Steve Radley, director of policy at EEF, discusses the upcoming budget and the need for growth.
In just a few weeks, the government will set out its second Budget and publish the conclusions of the first stage of its Growth Review. This will be very different to last summer’s Emergency Budget which, together with the Spending Review, set out the government’s plan for meeting its Fiscal Mandate to reduce the level of government borrowing and debt over this Parliament.
The focus of this Budget must be on growth and generating the kind of growth our economy needs. This must come from investment, innovation and trade. But generating such a change from the unbalanced growth we saw in the last decade will not be straightforward. In particular, the governnent will need to create an environment that encourages business to invest and to do it in this country. It has made a good start by setting up the Growth Review and tasking all government departments with indentifying where they can reform policies that are blocking growth, and where new ones should be implemented to support growth and job creation. This joined-up approach suggests a different type of thinking across government about how it needs to engage and work with the private sector
It now needs to take this work forward by transforming its Growth Review into a Growth Mandate This would embed the process within government by setting out the progressive steps that it would take to dismantling the barriers to growth over the course of this Parliament. It would commit the whole of government to addressing these priority areas and report on the progress it was achieving at each Budget in the same way it does with the Fiscal Mandate.
But, of course, a Growth Mandate will only deliver results if it is addressing the right issues. It is also important that, as well as mapping out a course for the rest of this Parliament, the Growth Review takes early steps to dismantle these barriers. The Chancellor should therefore match the transparency of the Growth Mandate with specific measures in four areas – tax, regulation, access to finance and skills.

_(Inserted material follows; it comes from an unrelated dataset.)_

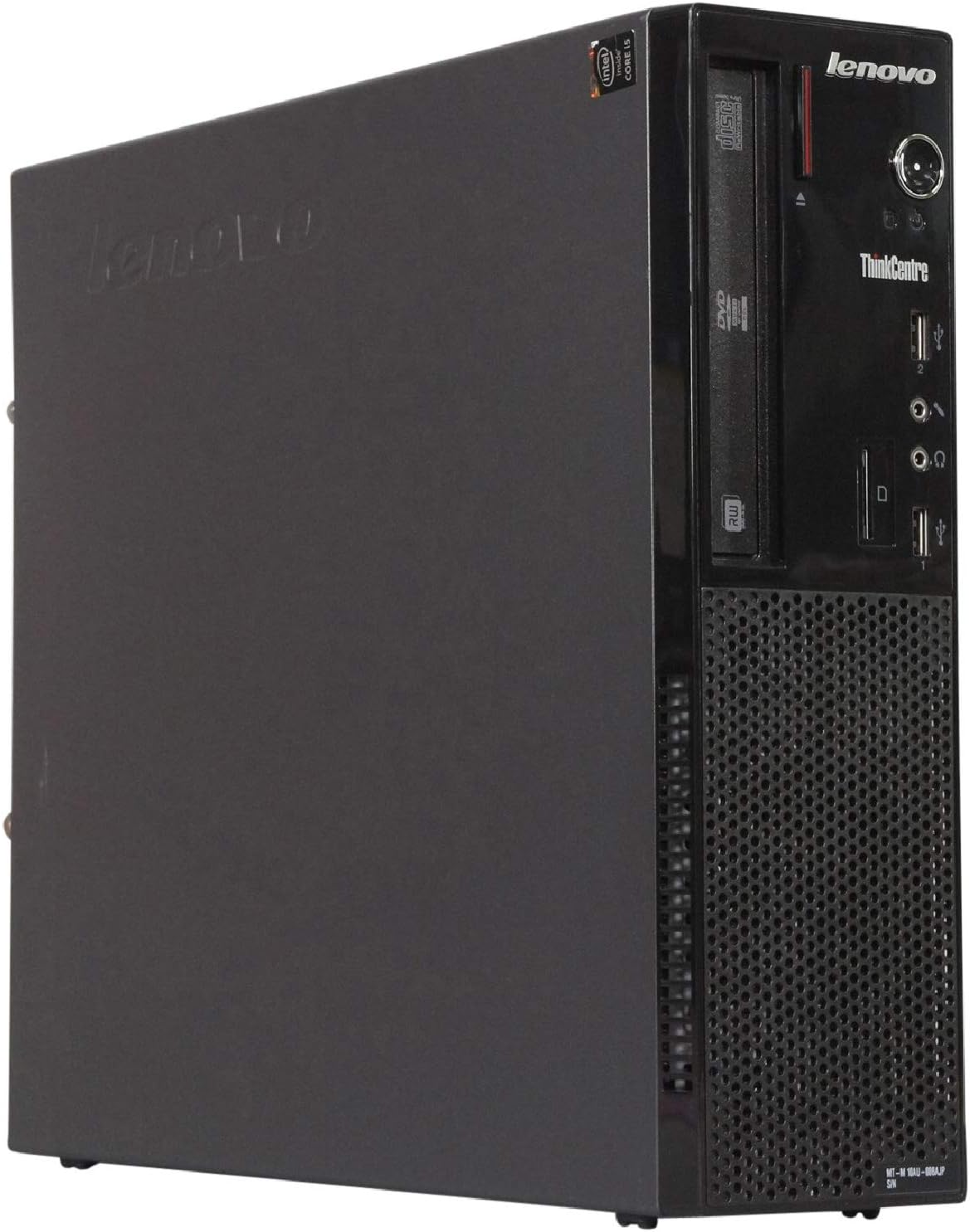 パソコン Windows10 デスクトップ ThinkCentre E73 Core i5 4570S 2.9～最大3.6GHz MEM:16GB SSD:240GB DVD-マルチ 無線LAN:非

The governnent has already taken some useful steps on taxation such as lowering the rate of corporation and setting up the Office of Tax Simplification. But given the potential mobility of much manufacturing investment, it needs to go further to create a truly competitive tax regime. For example, manufacturers tend to replace their machinery and equipment every seven to eight years but the reduction in capital allowances next year will mean it will take 33 years for the full cost of business investment to be written off against tax. We need a new approach that recognises the true cost of modern machines with short lives. Similarly, the R&D tax credit needs to go beyond its current support for the research stage of innovation to include the significant development costs and risks borne by manufacturers. Environmental taxation also needs to be made simpler and more competitive. If the government goes ahead with its current plans for a carbon price floor, some manufacturers will see their electricity use taxed four times. Other environmental taxes would therefore need to be scrapped or reduced.

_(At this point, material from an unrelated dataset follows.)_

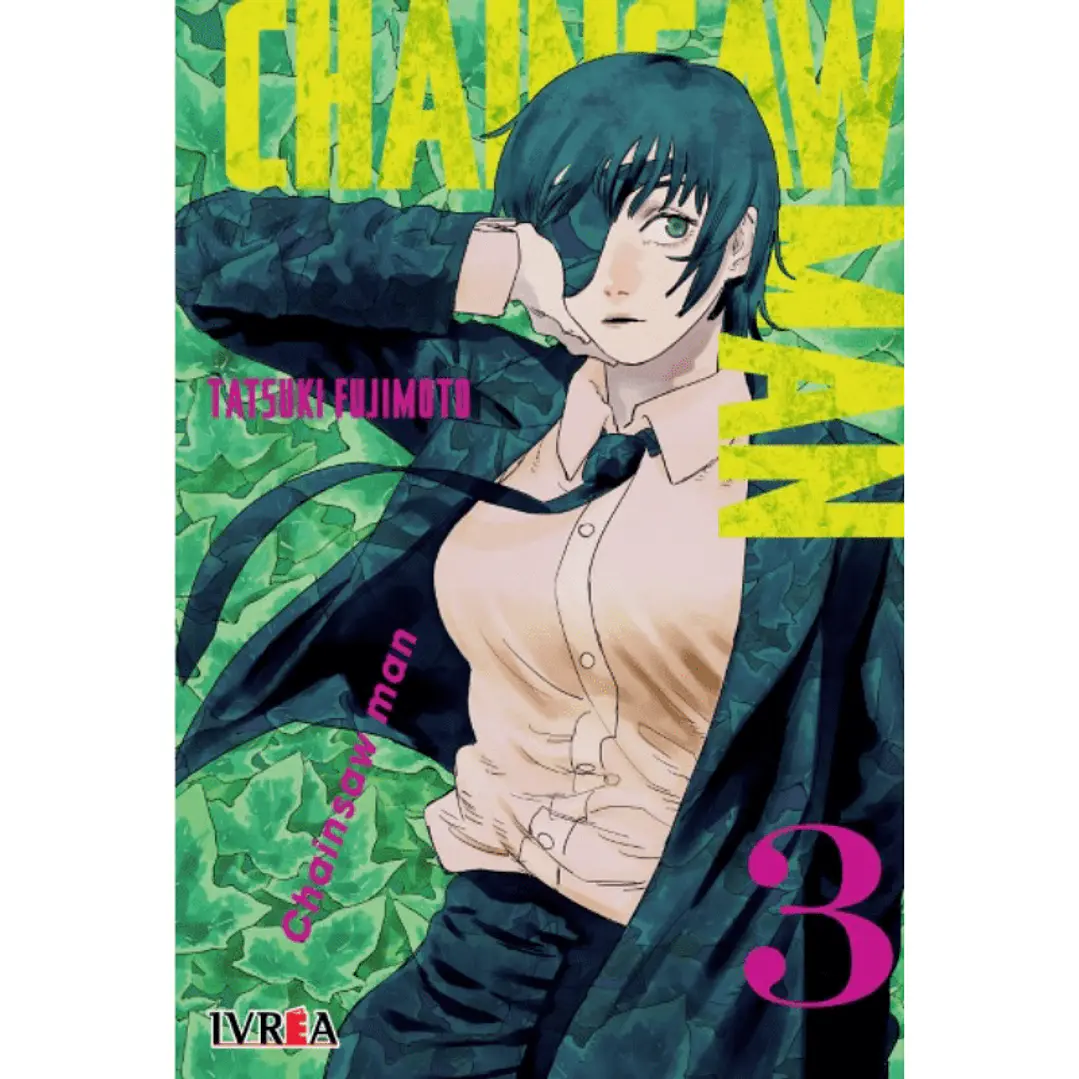 Chainsaw Man 03 1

The governnent has shown it is serious about reducing regulation by introducing a ‘one in, one out’ approach and by ensuring that all new regulatory proposals are scrutinised more rigorously. It should now add some extra transparency to this by ensuring that the final opinions of this scrutiny body, the Regulatory Policy Committee, are published before any new regulation is laid before Parliament. In addition, rather than trying to unpick individual items of regulation, it should examine entire areas to address unnecessary complexity, duplication and contradictions. Its current review of employment law is a good start but waste policy and climate change are other areas that are crying out for attention.
Growing businesses will also only be able to fulfil their ambitions if they can get access they finance they need to, for example, develop new products or markets. Requiring the banks to publish a new lending code and setting up the Independent Banking Commission is a good start but the government should now introduce independent monitoring of whether the banks are keeping to these principles and start to develop an action plan for implementing the Commission’s proposals.

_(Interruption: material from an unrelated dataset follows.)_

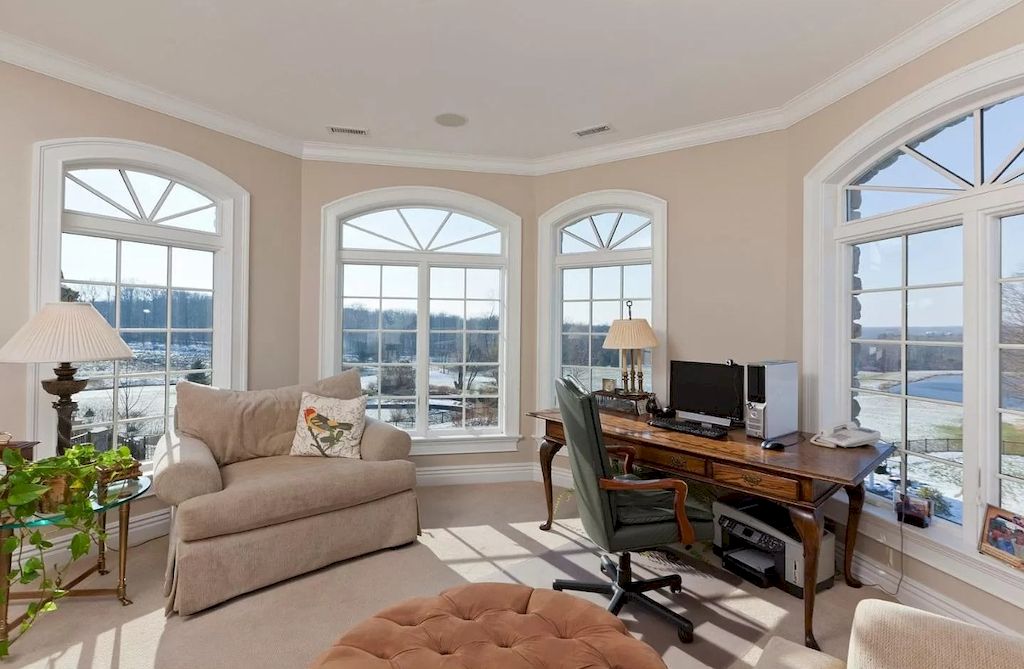 Embrace Some Peace in This Charming New Jersey Country Retreat Listed for $9,500,000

These are some of the early steps that the government should take next month but the Budget should also point to much larger-scale ambitions. And as part of the Growth Mandate it should regularly track progress on dismantling barriers by reviewing progress in areas such as the tax and regulation costs faced by business, the net change in bank and non-bank lending to business and the proportion of companies facing skill shortages.
Ultimately, business will need to drive growth by investing, innovating and exporting but the Budget can start the task of creating the internationally competitive environment that helps it to do this.